**What you are asked to do:** Drop the images. Copy every line below character for character.

**Recorded data:**
"""

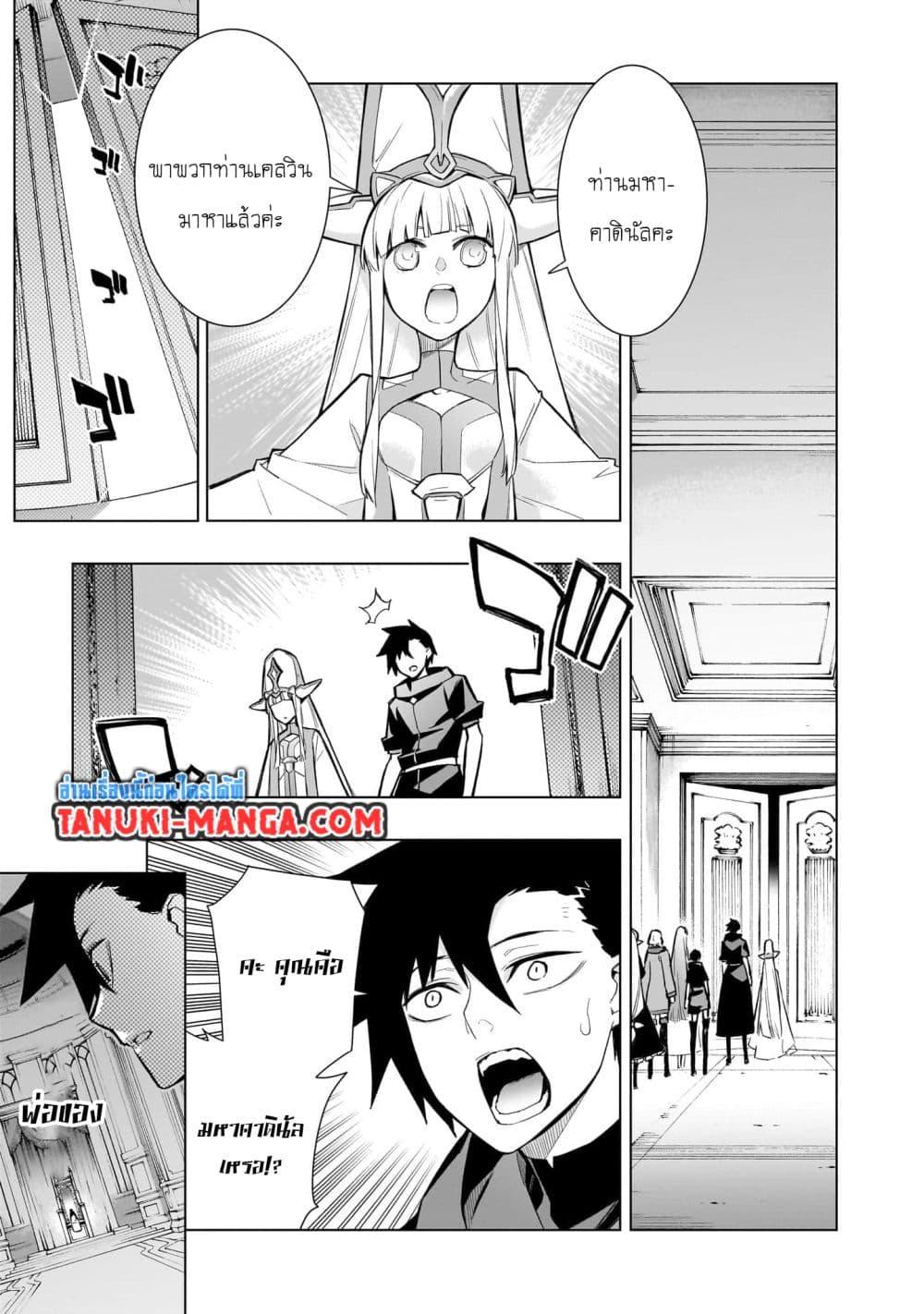 Manga-lc-com อ่านมังงะ อ่านการ์ตูน ออนไลน์ ฟรี Kuro no Shoukanshi ตอนที่ 1 2 3 4 5 6 7 8 9 10 11 12 13 14 ฟรี ไม่มีโฆษณา Manga-lc - อ่าน มังงะ อ่าน การ์ตูน ออนไลน์ อ่านมังงะ ฟรี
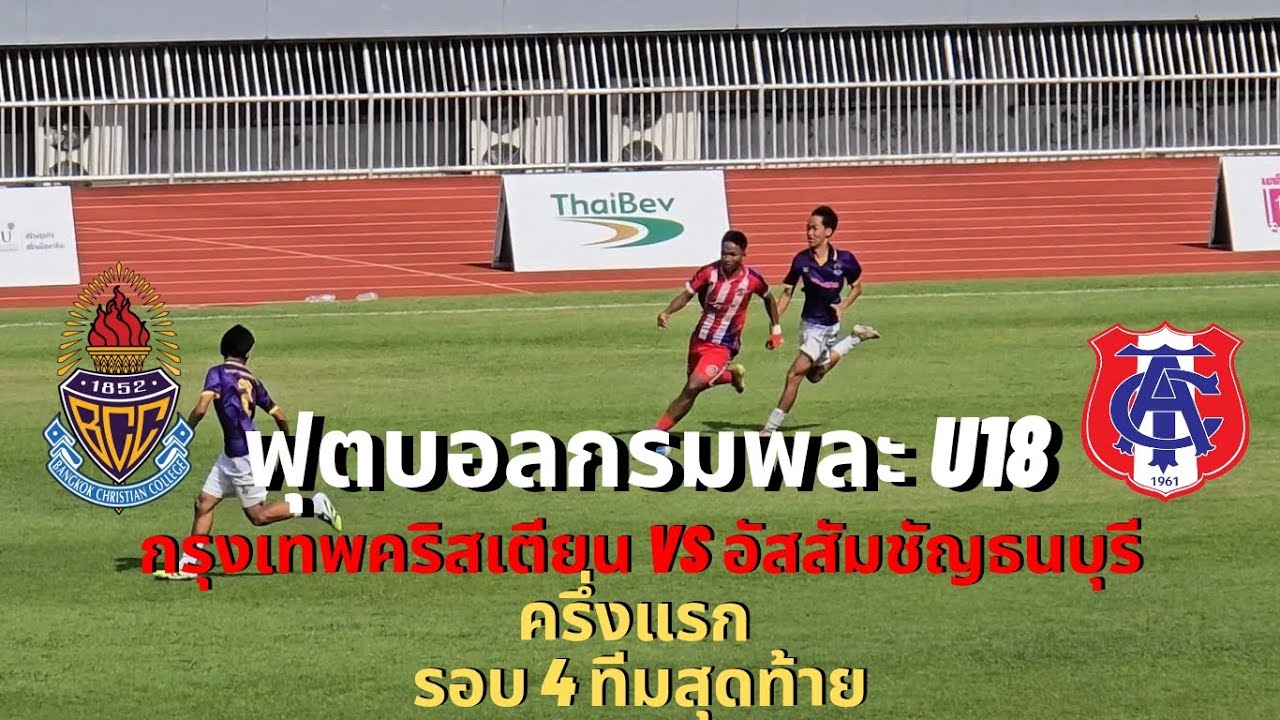รอบ 4 ทีมสุดท้าย ฟุตบอลกรมพละ U18 กรุงเทพฯคริสเตียน VS อัสสัมชัญธนบุรี ครึ่งแรก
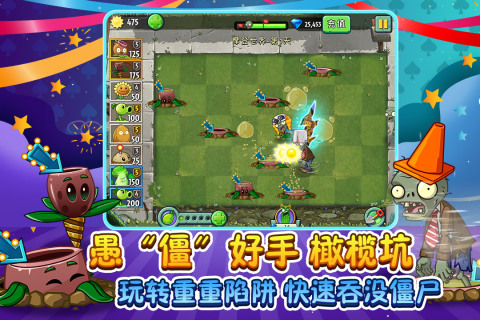 植物大战僵尸2国际版200级植物破解版v2.6.3 安卓版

"""

**Exercise output:**
 Manga-lc-com อ่านมังงะ อ่านการ์ตูน ออนไลน์ ฟรี Kuro no Shoukanshi ตอนที่ 1 2 3 4 5 6 7 8 9 10 11 12 13 14 ฟรี ไม่มีโฆษณา Manga-lc - อ่าน มังงะ อ่าน การ์ตูน ออนไลน์ อ่านมังงะ ฟรี
รอบ 4 ทีมสุดท้าย ฟุตบอลกรมพละ U18 กรุงเทพฯคริสเตียน VS อัสสัมชัญธนบุรี ครึ่งแรก
 植物大战僵尸2国际版200级植物破解版v2.6.3 安卓版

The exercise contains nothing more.